■ Task statement:
From the line with "Icona del caricabatteria" through the line with "Canopic Jar of", inclusive, return each line of the data below exactly and leave the rest out.

── The records ──

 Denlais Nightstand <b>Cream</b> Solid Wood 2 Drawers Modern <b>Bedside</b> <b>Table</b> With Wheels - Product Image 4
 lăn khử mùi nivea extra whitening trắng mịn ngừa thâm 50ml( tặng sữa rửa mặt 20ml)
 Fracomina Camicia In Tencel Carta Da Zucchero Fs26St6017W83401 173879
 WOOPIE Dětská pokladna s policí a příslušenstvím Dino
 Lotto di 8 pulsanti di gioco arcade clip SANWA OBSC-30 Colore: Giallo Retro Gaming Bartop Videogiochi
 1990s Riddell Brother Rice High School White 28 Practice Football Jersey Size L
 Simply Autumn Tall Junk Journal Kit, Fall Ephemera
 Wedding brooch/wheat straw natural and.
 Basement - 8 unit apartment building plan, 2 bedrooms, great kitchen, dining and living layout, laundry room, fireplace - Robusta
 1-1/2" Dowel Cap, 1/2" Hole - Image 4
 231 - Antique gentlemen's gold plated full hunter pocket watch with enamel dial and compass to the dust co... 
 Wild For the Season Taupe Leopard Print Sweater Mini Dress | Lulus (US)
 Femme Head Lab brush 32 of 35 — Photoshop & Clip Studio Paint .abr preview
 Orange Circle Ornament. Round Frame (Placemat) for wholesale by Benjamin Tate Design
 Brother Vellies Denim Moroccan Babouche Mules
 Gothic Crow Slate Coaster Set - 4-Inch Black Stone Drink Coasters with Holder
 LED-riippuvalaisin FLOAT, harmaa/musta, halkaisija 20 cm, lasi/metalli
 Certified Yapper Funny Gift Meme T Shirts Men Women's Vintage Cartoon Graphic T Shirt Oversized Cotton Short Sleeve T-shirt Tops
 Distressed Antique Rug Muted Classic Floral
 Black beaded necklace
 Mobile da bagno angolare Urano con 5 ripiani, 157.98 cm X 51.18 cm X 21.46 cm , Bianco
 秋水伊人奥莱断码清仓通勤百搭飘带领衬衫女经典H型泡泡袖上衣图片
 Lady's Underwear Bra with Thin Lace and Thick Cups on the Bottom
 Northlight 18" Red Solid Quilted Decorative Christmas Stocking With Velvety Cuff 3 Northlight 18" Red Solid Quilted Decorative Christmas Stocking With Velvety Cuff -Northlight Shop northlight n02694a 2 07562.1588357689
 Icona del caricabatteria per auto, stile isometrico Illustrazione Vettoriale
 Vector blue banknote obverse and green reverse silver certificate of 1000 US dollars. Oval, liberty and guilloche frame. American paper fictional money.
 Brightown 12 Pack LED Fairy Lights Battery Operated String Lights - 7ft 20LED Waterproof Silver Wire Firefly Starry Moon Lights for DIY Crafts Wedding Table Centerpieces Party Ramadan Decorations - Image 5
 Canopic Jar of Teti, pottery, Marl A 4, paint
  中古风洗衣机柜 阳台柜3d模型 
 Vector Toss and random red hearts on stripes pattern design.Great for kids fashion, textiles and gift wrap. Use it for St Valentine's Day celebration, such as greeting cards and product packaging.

───

■ Reply:
 Icona del caricabatteria per auto, stile isometrico Illustrazione Vettoriale
 Vector blue banknote obverse and green reverse silver certificate of 1000 US dollars. Oval, liberty and guilloche frame. American paper fictional money.
 Brightown 12 Pack LED Fairy Lights Battery Operated String Lights - 7ft 20LED Waterproof Silver Wire Firefly Starry Moon Lights for DIY Crafts Wedding Table Centerpieces Party Ramadan Decorations - Image 5
 Canopic Jar of Teti, pottery, Marl A 4, paint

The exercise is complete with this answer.